▸ Material to process:

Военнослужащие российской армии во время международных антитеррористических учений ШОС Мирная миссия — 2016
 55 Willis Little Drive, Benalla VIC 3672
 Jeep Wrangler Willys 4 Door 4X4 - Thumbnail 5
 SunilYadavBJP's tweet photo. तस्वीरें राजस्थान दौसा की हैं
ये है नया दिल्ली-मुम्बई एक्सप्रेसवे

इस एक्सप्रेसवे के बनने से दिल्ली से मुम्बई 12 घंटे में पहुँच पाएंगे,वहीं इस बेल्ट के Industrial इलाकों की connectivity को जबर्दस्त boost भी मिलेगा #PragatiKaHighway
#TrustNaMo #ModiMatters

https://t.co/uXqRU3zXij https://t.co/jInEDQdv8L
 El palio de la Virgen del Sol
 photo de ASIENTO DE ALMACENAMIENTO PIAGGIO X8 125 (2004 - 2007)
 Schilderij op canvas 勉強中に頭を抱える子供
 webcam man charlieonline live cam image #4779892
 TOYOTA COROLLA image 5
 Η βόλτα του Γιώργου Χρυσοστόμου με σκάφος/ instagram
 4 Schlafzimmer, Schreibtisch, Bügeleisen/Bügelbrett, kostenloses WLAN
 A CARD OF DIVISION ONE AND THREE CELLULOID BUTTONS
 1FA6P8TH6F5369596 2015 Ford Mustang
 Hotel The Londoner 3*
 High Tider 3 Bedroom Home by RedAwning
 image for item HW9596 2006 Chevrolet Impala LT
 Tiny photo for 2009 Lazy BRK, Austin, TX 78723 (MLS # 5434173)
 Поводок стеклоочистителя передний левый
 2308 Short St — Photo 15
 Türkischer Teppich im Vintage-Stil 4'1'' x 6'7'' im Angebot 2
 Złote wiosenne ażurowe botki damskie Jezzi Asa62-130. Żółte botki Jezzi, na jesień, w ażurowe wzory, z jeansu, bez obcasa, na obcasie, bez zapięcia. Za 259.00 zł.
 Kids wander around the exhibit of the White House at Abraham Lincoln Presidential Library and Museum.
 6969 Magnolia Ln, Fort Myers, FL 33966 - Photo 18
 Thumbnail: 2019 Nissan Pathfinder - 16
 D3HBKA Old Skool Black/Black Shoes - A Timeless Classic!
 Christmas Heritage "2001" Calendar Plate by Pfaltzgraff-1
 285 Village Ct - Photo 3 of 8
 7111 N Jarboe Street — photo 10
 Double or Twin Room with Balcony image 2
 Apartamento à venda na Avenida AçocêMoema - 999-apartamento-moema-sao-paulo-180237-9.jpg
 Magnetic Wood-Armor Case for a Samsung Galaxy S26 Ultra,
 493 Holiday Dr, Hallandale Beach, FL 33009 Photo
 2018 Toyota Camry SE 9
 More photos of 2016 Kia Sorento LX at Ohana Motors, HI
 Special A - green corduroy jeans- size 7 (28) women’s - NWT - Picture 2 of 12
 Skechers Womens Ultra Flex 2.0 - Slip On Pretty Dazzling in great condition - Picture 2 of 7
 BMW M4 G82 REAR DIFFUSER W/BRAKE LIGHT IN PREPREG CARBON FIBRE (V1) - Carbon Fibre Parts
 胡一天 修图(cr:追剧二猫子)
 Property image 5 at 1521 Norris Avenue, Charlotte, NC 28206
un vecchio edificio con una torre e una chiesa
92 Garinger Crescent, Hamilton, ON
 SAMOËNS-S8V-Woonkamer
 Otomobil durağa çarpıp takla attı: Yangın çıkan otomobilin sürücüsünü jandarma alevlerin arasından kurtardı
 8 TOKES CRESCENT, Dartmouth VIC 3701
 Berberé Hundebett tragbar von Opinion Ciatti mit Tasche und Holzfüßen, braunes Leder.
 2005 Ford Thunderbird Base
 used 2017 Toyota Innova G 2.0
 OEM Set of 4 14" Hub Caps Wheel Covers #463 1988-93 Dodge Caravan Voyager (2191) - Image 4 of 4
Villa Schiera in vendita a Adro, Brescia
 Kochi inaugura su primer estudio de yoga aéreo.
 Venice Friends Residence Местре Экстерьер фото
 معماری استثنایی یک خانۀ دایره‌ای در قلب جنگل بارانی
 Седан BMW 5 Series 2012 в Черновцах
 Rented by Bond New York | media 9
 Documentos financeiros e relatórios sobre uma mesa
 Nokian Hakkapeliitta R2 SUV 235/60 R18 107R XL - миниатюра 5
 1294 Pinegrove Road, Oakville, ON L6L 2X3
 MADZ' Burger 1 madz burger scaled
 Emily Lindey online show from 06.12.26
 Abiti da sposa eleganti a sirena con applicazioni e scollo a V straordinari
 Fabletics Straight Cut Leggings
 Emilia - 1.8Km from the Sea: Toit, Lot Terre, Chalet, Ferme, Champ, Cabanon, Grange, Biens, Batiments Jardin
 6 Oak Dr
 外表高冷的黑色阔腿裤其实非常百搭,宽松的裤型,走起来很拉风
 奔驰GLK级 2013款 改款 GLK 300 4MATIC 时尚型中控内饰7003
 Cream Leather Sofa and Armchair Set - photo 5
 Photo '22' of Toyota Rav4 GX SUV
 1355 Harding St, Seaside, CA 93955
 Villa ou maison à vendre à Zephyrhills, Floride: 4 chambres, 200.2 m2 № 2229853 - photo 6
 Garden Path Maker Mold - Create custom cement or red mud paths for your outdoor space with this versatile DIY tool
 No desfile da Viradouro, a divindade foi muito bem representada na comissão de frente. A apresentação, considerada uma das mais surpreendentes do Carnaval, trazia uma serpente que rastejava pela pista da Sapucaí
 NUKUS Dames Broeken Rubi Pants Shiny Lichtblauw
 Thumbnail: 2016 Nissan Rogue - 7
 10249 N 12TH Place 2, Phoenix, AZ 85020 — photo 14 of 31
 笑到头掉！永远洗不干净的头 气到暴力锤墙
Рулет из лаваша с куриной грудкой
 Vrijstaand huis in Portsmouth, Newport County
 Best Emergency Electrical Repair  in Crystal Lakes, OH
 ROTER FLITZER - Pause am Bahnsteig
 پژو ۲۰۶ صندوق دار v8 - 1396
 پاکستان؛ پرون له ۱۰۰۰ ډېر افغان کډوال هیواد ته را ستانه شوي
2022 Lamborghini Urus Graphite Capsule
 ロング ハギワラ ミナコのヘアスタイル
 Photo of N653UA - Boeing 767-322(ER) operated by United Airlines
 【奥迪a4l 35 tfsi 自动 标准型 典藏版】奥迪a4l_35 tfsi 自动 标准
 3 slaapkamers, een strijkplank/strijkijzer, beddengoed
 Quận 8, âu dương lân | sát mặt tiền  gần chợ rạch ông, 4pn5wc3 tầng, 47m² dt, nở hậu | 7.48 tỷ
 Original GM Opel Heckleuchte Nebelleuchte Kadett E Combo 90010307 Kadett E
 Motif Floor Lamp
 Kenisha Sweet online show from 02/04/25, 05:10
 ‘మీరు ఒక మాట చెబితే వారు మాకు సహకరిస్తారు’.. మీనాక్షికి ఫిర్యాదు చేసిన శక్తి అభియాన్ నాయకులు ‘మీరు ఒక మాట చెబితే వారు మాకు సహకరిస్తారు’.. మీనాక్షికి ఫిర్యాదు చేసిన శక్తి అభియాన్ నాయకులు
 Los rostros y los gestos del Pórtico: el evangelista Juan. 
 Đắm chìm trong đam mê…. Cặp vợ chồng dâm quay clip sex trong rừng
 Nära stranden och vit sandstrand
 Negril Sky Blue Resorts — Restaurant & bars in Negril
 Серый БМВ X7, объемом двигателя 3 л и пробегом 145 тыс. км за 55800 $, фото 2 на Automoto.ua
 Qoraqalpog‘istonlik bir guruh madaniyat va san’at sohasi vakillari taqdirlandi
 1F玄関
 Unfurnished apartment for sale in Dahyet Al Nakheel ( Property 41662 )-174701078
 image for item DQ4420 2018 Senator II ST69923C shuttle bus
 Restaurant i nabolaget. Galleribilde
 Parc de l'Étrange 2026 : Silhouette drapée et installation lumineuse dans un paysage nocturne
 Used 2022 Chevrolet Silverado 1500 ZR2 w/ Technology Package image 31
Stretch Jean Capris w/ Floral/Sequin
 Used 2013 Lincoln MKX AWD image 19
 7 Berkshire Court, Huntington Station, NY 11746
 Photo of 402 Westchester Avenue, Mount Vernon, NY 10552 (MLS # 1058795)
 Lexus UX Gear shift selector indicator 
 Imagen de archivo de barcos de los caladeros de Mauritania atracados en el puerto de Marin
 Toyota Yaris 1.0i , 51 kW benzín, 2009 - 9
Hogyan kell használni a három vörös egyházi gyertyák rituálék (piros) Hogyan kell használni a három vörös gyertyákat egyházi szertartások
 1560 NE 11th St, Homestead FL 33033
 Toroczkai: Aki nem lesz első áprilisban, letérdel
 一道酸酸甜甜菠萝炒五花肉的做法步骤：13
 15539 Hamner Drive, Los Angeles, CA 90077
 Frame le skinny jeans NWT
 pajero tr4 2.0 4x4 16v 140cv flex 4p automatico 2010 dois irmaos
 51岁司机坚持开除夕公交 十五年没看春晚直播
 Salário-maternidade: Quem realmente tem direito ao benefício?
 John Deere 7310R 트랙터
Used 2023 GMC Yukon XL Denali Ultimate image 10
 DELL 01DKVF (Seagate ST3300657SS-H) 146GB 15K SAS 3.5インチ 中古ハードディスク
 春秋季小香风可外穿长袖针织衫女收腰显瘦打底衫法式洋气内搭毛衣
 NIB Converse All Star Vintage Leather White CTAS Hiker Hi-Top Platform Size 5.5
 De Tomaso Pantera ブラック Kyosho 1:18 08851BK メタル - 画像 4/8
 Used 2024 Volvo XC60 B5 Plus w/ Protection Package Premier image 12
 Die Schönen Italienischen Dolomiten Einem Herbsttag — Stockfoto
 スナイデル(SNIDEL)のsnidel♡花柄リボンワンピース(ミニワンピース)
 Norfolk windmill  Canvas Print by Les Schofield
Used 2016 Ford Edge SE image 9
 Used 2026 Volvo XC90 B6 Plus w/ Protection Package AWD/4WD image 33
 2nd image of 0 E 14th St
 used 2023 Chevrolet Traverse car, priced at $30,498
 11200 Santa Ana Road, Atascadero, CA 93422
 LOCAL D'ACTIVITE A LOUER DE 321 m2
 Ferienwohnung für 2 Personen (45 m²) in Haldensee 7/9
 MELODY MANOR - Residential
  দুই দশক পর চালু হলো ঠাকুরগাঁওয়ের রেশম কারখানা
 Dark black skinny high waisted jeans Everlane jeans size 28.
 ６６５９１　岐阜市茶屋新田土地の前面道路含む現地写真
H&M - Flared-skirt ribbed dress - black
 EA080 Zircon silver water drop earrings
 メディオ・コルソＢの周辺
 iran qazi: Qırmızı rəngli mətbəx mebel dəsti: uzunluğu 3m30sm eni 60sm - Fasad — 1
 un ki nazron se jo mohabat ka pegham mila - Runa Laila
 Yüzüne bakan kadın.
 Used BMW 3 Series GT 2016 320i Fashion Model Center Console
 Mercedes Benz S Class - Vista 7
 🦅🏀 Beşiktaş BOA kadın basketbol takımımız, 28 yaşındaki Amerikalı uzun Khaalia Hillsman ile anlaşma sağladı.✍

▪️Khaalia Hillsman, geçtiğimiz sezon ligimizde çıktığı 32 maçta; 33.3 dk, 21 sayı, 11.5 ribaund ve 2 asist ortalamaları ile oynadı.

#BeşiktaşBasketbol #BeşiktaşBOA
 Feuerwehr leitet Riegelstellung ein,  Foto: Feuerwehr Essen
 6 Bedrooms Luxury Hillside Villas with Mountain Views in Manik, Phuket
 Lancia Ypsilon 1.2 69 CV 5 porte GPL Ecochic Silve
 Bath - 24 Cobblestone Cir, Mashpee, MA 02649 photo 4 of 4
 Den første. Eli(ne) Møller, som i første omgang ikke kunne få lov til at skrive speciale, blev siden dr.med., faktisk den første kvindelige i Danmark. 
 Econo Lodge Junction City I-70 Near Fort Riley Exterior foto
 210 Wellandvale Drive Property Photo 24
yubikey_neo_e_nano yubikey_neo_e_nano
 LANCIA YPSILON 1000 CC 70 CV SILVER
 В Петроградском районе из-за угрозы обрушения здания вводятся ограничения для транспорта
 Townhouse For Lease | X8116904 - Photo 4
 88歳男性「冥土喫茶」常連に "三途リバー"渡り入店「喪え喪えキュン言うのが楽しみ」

▸ Try it: In the listing above, find the line with "#BeşiktaşBasketbol #BeşiktaşBOA" and the line with "Bath - 24 Cobblestone"; output exactly those lines and all lines between them.

▸ Result of the task:
#BeşiktaşBasketbol #BeşiktaşBOA
 Feuerwehr leitet Riegelstellung ein,  Foto: Feuerwehr Essen
 6 Bedrooms Luxury Hillside Villas with Mountain Views in Manik, Phuket
 Lancia Ypsilon 1.2 69 CV 5 porte GPL Ecochic Silve
 Bath - 24 Cobblestone Cir, Mashpee, MA 02649 photo 4 of 4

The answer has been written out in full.